Despite falling global revenue, profit has increased and big projects in UK and abroad are doing well
Bovis Lend Lease’s parent company, Australian firm Lend Lease Group, said its operating profit after tax increased 17% in the first half of its financial year, covering the last six months of 2010. This increase in profits came despite its revenue dropping by a fifth, compared with the same period in 2009.
Lend Lease global revenue fell 22% to AU$4.4bn (£2.75bn) in the first six months of its financial year, compared with AU$5.6bn (£3.5bn) in the same period a year earlier. Its operating profit after tax increased to AU$220m in 2010, up from AU$188m in 2009.
Revenue for the firm’s project management and construction division, which includes the global activities of Bovis Lend Lease, dropped by 25% to £2.1bn, compared with £2.8bn during 2009. Its operations in Europe fared even worse, as revenue plummeted 42% to £538m.
Along with its results last week, Lend Lease confirmed it would drop various brand names, including the Bovis name, as previously reported by Building.
Dan Labbad, Lend Lease Europe chief executive, said: “Simplifying our branding and moving to a unified name, ’Lend Lease’, signifies an important and exciting step under our regionalised business structure.
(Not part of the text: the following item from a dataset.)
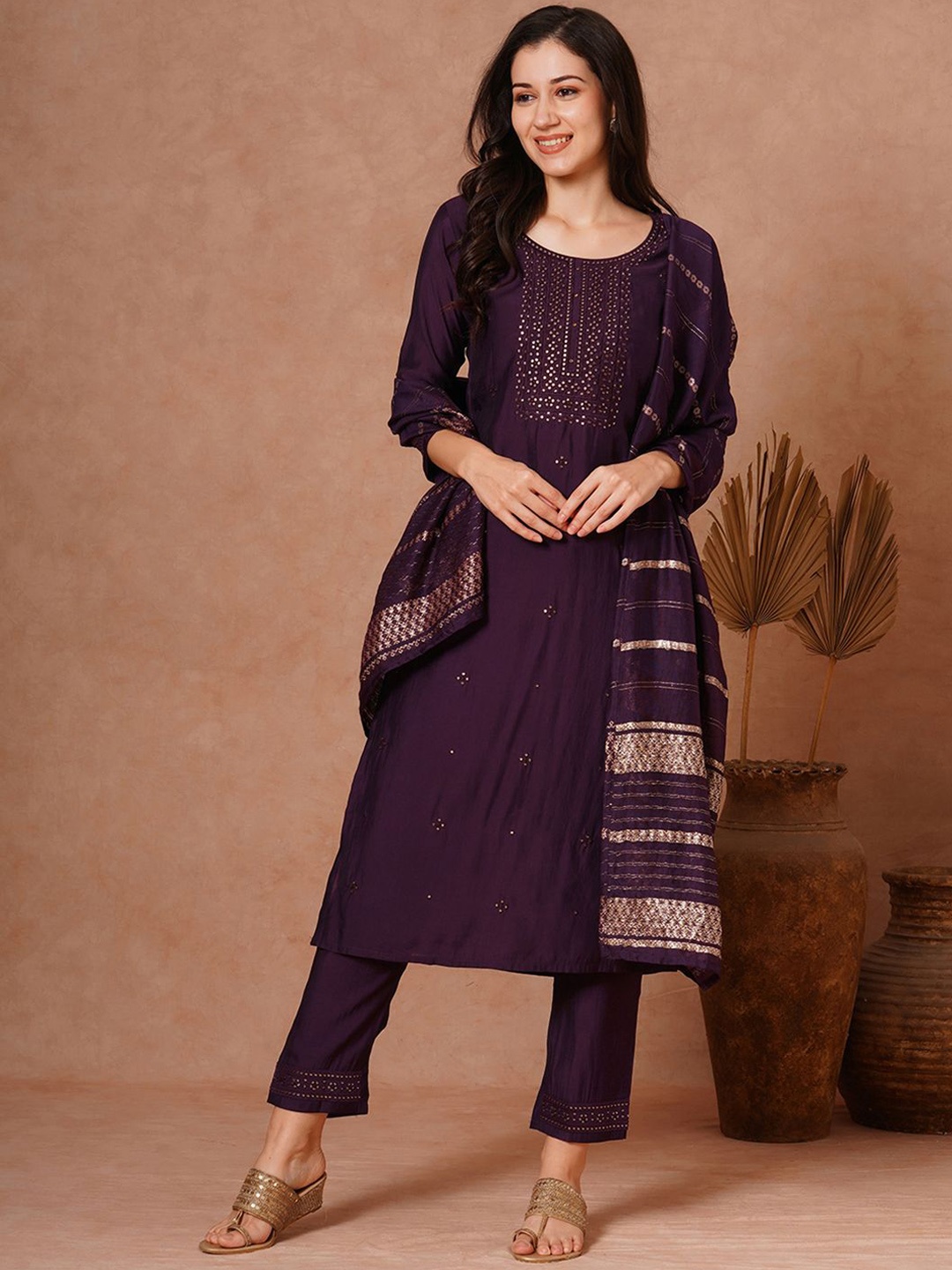 

FASHOR Ethnic Motifs Embroidered Sequinned Straight Kurta With Trousers & Dupatta, Burgundy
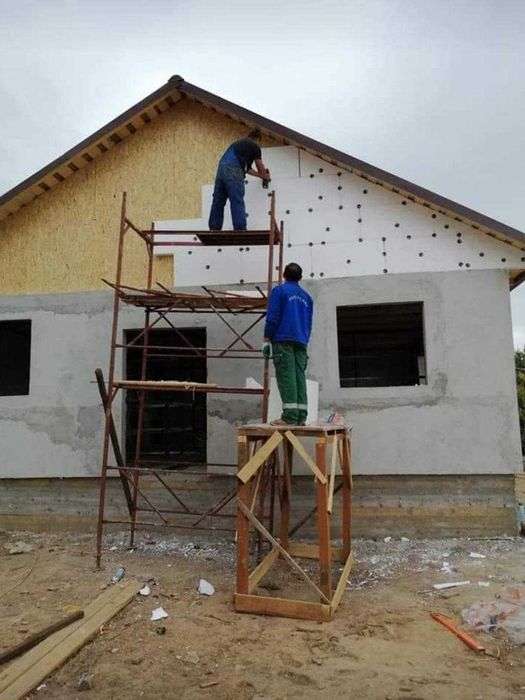 Case pe structura metalica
In addition to the benefits that a unified brand delivers, we will continue to provide best in class services to clients and partners.”
According to the firm, the UK market is “likely to see a progressive recovery but it will still be some time before it sees a full recovery”.
While it did not disclose the financial performance of the UK business, Steve McCann, group chief executive, said: “In Europe, despite continuing difficult conditions we have had a good profit result.
“In development, we have progressed our key projects, including signing a conditional agreement for Elephant and Castle, which is very well positioned to leverage from a cyclical recovery.”
Lend Lease management is still positive and sees the firm as well positioned to take advantage of a recovery. Commenting on the group’s future outlook, McCann said: “We are seeing some encouraging signs offshore, and are well positioned in the US and UK markets. We continue to benefit from the growth in Asia through our retail and mixed-use development platform.”